### [Work instructions]
Exactly as they appear below, repeat the lines from the one with "落井下石！前国脚发文致敬郎平，借机暗讽谢晖，中国足球曝出内讧" through the one with "Rumah Di Semolowaru", and no others.
Start of Source records
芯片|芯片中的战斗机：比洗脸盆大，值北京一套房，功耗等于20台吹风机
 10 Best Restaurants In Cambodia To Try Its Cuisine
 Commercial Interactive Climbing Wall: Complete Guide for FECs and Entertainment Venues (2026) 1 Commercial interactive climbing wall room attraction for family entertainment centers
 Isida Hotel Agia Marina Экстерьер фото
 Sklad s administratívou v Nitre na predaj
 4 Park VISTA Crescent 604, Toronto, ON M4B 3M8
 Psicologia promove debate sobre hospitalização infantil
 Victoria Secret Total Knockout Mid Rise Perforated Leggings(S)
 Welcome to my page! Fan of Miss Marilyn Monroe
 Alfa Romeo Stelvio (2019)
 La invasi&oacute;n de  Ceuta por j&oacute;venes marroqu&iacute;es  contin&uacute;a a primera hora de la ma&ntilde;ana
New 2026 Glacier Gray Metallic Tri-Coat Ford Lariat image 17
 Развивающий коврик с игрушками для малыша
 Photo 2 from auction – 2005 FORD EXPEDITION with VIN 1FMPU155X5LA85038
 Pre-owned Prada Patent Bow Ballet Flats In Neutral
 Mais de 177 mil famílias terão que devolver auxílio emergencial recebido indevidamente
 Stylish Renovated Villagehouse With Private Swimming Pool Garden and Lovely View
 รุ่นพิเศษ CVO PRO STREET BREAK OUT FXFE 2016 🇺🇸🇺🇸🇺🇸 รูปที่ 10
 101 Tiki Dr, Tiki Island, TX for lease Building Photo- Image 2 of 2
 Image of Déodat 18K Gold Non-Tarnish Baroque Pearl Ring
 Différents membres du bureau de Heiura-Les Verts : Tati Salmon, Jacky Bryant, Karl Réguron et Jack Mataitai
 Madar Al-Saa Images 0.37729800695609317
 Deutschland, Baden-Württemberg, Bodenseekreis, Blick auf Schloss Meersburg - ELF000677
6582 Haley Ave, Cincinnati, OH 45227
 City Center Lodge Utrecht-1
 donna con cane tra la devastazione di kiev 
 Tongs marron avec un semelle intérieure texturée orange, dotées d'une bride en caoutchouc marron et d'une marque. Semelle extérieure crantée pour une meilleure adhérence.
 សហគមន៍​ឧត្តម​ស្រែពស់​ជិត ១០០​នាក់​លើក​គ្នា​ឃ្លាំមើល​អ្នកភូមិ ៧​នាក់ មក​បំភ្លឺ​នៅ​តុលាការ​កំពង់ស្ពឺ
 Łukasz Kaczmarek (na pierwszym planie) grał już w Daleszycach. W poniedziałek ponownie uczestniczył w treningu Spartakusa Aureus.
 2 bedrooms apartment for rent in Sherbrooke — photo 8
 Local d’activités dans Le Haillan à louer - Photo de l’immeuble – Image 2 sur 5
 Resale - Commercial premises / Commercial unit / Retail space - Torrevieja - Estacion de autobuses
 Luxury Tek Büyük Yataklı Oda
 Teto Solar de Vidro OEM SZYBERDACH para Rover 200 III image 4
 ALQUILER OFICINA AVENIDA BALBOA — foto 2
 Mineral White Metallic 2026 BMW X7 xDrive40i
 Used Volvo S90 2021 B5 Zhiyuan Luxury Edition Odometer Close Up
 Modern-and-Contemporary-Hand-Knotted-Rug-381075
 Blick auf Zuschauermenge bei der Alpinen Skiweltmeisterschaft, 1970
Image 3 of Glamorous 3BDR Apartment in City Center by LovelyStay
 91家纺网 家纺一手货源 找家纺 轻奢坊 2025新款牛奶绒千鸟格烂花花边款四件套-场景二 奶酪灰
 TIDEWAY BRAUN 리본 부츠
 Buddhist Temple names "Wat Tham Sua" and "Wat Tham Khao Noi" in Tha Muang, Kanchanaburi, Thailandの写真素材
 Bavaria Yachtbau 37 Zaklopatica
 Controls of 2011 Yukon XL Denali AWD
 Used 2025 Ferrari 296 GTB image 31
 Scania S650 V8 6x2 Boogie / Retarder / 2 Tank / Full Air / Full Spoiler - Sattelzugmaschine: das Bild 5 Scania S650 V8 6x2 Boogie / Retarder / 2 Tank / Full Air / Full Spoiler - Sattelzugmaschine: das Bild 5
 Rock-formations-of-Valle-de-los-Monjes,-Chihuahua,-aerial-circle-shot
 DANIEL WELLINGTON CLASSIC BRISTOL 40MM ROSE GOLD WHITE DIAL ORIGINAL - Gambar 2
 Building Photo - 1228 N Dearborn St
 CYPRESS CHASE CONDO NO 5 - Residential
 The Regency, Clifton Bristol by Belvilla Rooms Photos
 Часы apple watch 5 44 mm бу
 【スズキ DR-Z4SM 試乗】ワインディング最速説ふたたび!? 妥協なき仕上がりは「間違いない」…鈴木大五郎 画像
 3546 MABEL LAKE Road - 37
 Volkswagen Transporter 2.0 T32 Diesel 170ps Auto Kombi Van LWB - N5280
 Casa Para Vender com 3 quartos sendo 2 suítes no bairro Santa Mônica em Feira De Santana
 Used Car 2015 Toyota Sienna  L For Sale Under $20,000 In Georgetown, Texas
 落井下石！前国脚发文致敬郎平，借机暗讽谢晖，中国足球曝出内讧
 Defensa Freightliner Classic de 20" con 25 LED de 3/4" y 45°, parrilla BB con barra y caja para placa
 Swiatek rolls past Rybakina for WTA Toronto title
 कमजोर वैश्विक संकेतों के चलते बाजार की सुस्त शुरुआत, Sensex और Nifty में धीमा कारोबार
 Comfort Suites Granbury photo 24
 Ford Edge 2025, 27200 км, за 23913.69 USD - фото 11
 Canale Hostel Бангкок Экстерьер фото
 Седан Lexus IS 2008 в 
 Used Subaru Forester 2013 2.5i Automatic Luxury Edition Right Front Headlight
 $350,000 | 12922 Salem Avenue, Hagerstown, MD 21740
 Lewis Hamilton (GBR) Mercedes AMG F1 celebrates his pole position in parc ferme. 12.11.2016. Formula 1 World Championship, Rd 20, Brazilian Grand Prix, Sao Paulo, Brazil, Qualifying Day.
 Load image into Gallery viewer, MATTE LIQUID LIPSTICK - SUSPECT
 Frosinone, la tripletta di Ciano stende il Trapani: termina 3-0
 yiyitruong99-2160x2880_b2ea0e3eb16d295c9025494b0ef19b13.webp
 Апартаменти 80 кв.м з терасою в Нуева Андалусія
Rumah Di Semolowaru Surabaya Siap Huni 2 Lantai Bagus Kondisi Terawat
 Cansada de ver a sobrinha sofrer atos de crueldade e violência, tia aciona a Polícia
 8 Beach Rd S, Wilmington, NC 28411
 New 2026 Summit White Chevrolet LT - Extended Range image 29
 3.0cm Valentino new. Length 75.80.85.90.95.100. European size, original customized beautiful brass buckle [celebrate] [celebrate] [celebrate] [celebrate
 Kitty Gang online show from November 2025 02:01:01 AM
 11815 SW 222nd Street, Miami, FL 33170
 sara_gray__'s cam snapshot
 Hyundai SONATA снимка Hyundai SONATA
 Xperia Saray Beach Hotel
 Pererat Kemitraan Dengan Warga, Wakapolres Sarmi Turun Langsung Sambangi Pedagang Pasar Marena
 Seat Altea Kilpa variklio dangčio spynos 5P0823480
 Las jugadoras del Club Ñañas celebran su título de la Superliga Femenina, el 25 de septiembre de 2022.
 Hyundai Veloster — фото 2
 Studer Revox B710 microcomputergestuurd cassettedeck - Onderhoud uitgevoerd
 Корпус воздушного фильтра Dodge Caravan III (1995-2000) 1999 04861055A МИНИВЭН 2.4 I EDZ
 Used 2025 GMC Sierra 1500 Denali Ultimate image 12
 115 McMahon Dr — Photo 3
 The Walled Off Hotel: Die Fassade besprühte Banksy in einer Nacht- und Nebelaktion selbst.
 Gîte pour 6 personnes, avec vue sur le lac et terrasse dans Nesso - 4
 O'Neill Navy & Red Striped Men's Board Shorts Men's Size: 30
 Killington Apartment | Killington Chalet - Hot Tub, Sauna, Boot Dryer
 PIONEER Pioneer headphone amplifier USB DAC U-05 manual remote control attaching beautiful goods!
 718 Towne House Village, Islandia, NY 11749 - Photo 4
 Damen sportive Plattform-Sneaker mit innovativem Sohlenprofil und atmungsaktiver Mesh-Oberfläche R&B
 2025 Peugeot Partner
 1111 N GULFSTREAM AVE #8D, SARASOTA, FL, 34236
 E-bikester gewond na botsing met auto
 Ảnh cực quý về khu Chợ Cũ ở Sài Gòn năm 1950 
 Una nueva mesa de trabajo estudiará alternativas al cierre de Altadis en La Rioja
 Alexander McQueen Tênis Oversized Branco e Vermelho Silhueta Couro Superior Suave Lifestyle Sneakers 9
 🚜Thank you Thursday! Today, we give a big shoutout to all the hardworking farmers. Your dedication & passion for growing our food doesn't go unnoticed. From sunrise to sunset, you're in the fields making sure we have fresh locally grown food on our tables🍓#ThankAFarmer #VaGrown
End of Source records
### [Result of the exercise]
 落井下石！前国脚发文致敬郎平，借机暗讽谢晖，中国足球曝出内讧
 Defensa Freightliner Classic de 20" con 25 LED de 3/4" y 45°, parrilla BB con barra y caja para placa
 Swiatek rolls past Rybakina for WTA Toronto title
 कमजोर वैश्विक संकेतों के चलते बाजार की सुस्त शुरुआत, Sensex और Nifty में धीमा कारोबार
 Comfort Suites Granbury photo 24
 Ford Edge 2025, 27200 км, за 23913.69 USD - фото 11
 Canale Hostel Бангкок Экстерьер фото
 Седан Lexus IS 2008 в 
 Used Subaru Forester 2013 2.5i Automatic Luxury Edition Right Front Headlight
 $350,000 | 12922 Salem Avenue, Hagerstown, MD 21740
 Lewis Hamilton (GBR) Mercedes AMG F1 celebrates his pole position in parc ferme. 12.11.2016. Formula 1 World Championship, Rd 20, Brazilian Grand Prix, Sao Paulo, Brazil, Qualifying Day.
 Load image into Gallery viewer, MATTE LIQUID LIPSTICK - SUSPECT
 Frosinone, la tripletta di Ciano stende il Trapani: termina 3-0
 yiyitruong99-2160x2880_b2ea0e3eb16d295c9025494b0ef19b13.webp
 Апартаменти 80 кв.м з терасою в Нуева Андалусія
Rumah Di Semolowaru Surabaya Siap Huni 2 Lantai Bagus Kondisi Terawat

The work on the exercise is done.